Here, the Sub-trust Loans were not used to produce income for the Family Trust directly. As noted, the amounts lent by Adjuvant under the Sub-Trust Loans were set off against UPEs held by Adjuvant in respect of the Family Trust. It was common ground that the direct effect of these arrangements from the Family Trust’s perspective was to convert one type of liability into another: the Trust’s liability to pay Adjuvant’s UPE (an immediate liability, not bearing interest) was converted into a debt liability (a non-current liability to repay the principal in seven years, and to pay interest in the meantime).

6. The reasoning is conventional. Interest is deductible because of the use to which the borrowed money is put. If the borrowing buys an income-producing asset, the interest follows the asset. If the borrowing replaces something, the interest follows what was replaced. Here, on Hill J’s analysis, the borrowing replaced nothing income-producing. It replaced a non-interest-bearing UPE with an interest-bearing loan. The Family Trust acquired no new asset and lost no productive asset. The set-off was an accounting event.4

C. The Total Holdings argument

7. The Applicants ran an indirect-productivity argument. By not calling on the Camco 3 Trust for payment of distributions, the Family Trust left funds available to the Camco business; the Camco business was therefore more profitable; future distributions to the Camco 3 Trust would be larger; and future distributions through to the Family Trust would be larger. The argument was framed by reference to Total Holdings.5

8. Hill J rejects it at [65]:

legal form is a relevant part of the circumstances (even if it is not determinative), and it is not sufficient for a taxpayer to show that the outgoing is similar or economically equivalent to an expenditure that might have been incurred … Choosing not to call on a present entitlement under a trust is very different from purchasing shares and entering into loans.

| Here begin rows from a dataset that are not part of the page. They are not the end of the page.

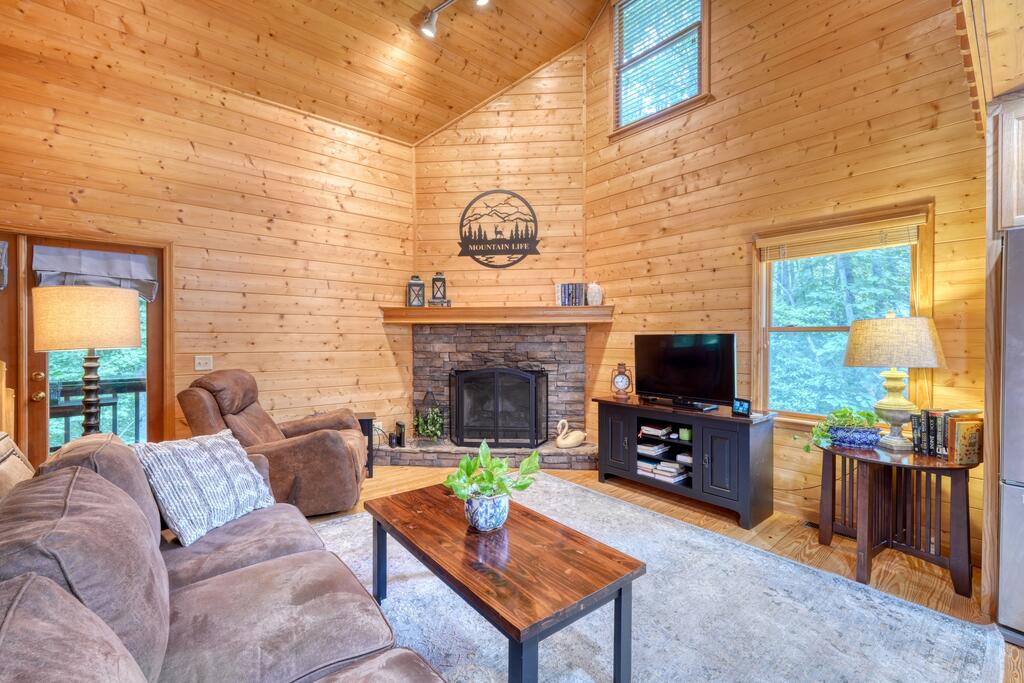 435687 Blairsville Active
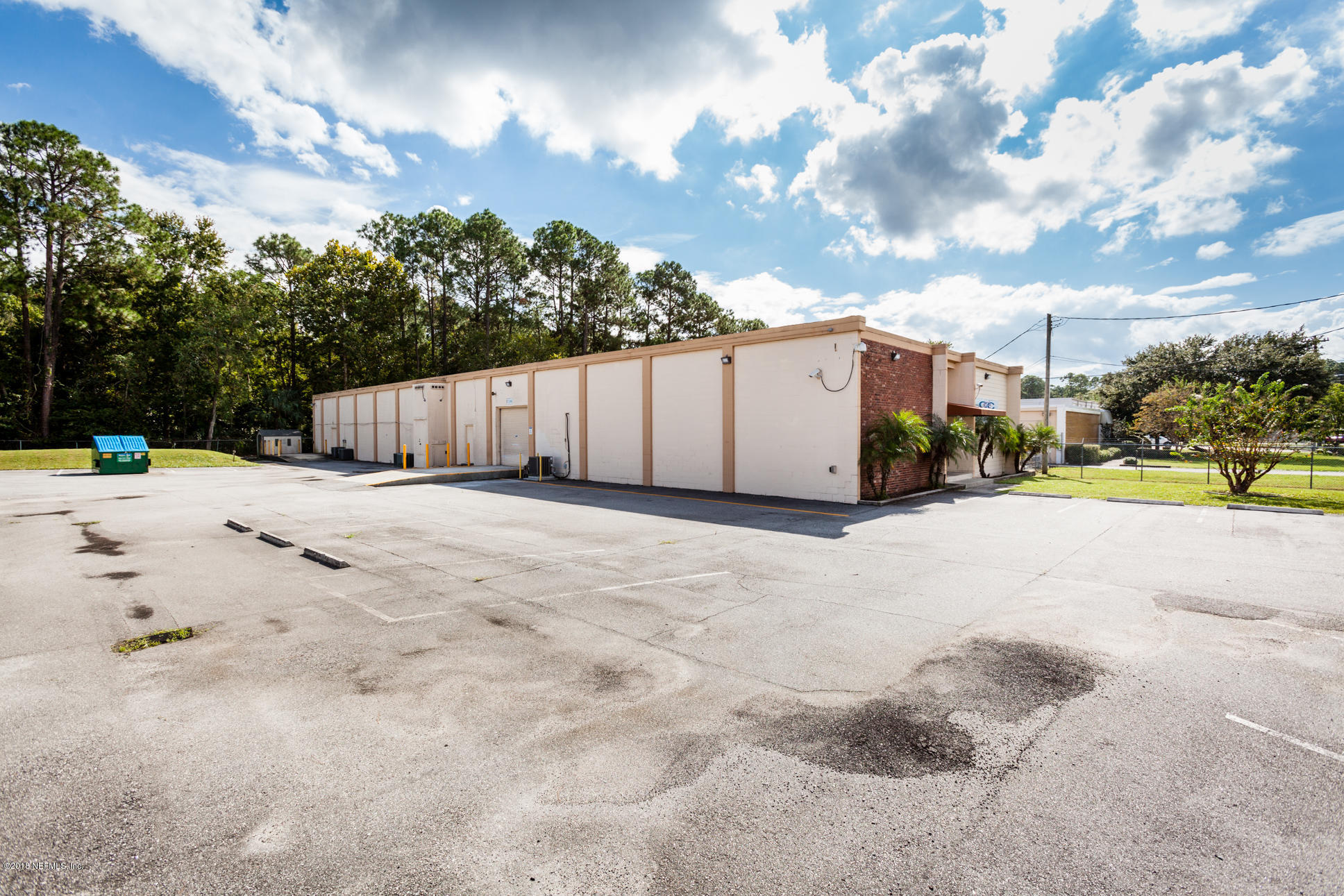 3034 Mercury Road South Jacksonville, FL 32207 - Photo 9 of 43 3034 Mercury Rd S - SML 9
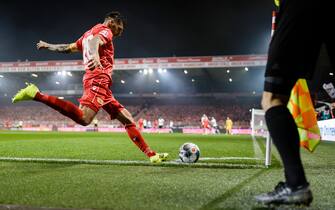 BERLIN, GERMANY - SEPTEMBER 27: Christopher Trimmel of Union Berlin takes a corner kick during the Bundesliga match between 1. FC Union Berlin and Eintracht Frankfurt at Stadion An der Alten Foersterei on September 27, 2019 in Berlin, Germany. (Photo by Reinaldo Coddou H./Bundesliga/Bundesliga Collection via Getty Images)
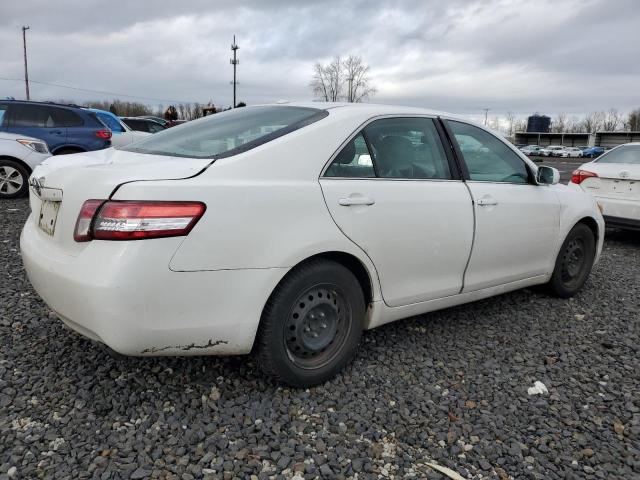 4T1BF3EK4AU565635 - 2010 TOYOTA CAMRY BASE WHITE photo 3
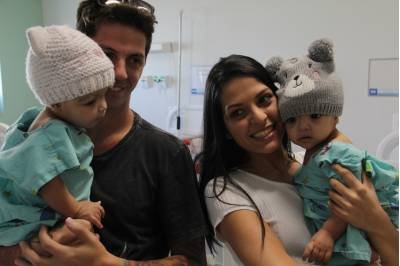 27/05/2019 - Divulgação/Hospital da Criança de Brasília - Lis, a gêmea siamesa que permanecia na UTI após a cirurgia de separação, teve alta nesta segunda-feira (27/5). Mel já havia recebido alta na última terça-feira (21/5). As meninas agora estão internadas lado a lado na enfermaria do Hospital da Criança de Brasília (HCB), até poderem ir para casa. Em um novo reencontro com a irmã, Lis ganhou o carinho de Mel e foi recebida com um beijo na porta da UTI.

9. The point is sound. Total Holdings was a case where the taxpayer borrowed externally and on-lent to a subsidiary. The borrowing produced something. Here the Family Trust did nothing other than not call on a UPE that it could not have collected against in any event because the Camco 3 Trust did not have the cash. The Family Trust took no positive step that could have a productive object.6

10. Hill J adds the obvious extension at [67]: if the argument were accepted, the Family Trust’s borrowings would generate deductible interest even if used for purposes entirely unconnected with the Camco business, on the footing that not calling on the UPE preserves funds in Camco 3 Trust. That cannot be right. The connection between the supposed interest outgoing and the gaining of assessable income is, on his Honour’s assessment, too remote.7

D. The Roberts argument

11. The fallback was Roberts. The Applicants said that the Sub-trust Loans preserved capital in the Camco 3 Trust, and that Roberts supports the deductibility of interest on a borrowing used to preserve capital in a productive enterprise.8

12. Hill J reads Roberts narrowly at [75]:

Roberts does not assist the Applicants, for two separate reasons. First, in no sense has the Family Trust invested in the Camco 3 Trust, let alone in a manner comparable to partnership capital contributions. Second, on the evidence, the Sub-trust Loans are not entered into to preserve the capital contributions made by the Principals: rather, Mr Cameron refers to the Sub-trust Loans ensuring that the Camco business “retained as much as possible of the funds representing its profits”.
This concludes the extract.